___ Data shown

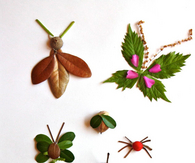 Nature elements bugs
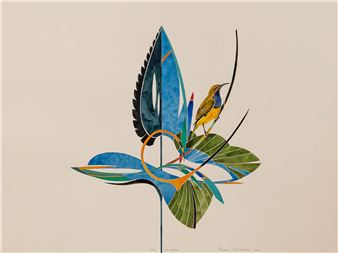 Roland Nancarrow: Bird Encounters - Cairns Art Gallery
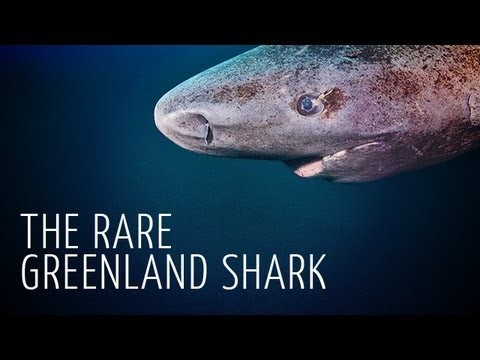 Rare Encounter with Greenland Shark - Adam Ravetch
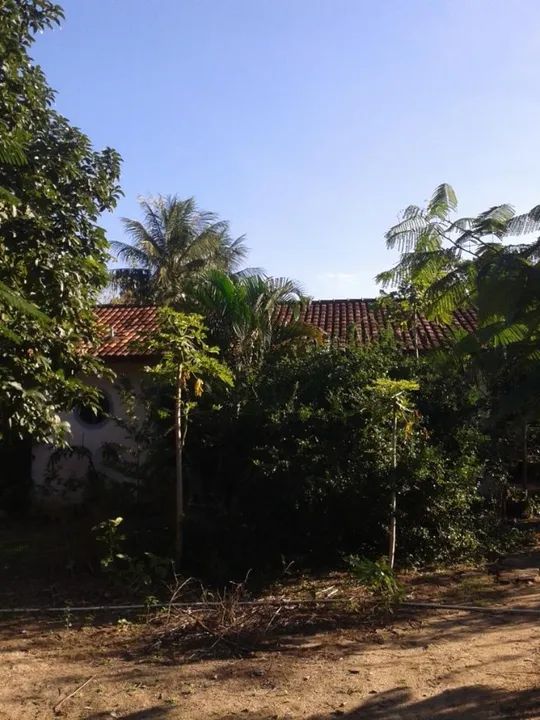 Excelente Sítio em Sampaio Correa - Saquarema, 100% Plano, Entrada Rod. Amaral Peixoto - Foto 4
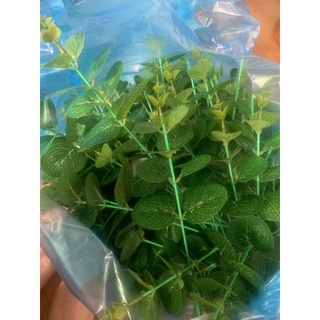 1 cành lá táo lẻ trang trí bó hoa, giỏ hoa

______
___ Data shown

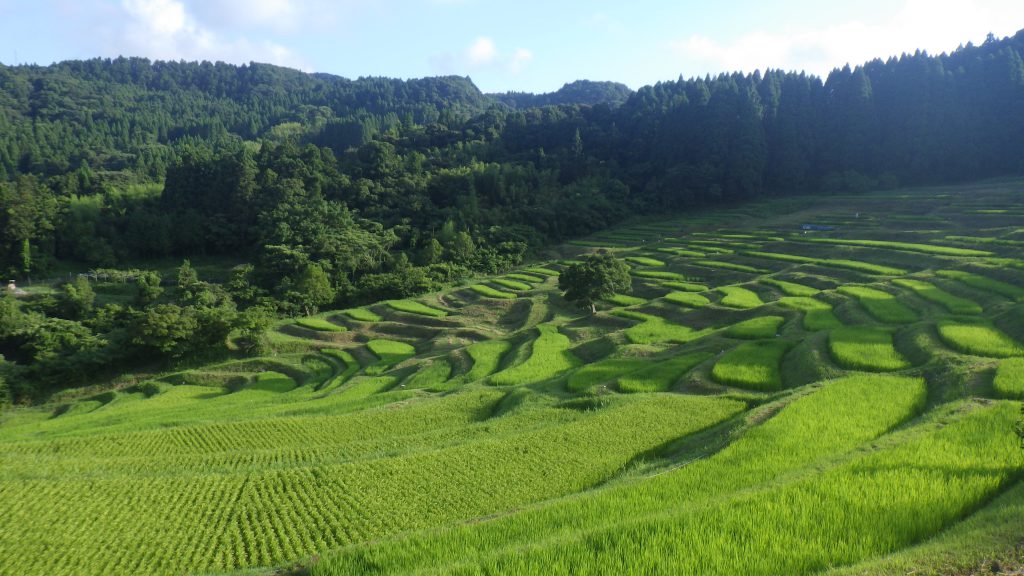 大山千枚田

______

Instructions for the task →
Although the records hold pictures, the copy must not; give again exactly the lines from the one with "Nature elements bugs" through the one with "1 cành lá táo lẻ trang trí bó hoa, giỏ hoa".

Task solution →
 Nature elements bugs
 Roland Nancarrow: Bird Encounters - Cairns Art Gallery
 Rare Encounter with Greenland Shark - Adam Ravetch
 Excelente Sítio em Sampaio Correa - Saquarema, 100% Plano, Entrada Rod. Amaral Peixoto - Foto 4
 1 cành lá táo lẻ trang trí bó hoa, giỏ hoa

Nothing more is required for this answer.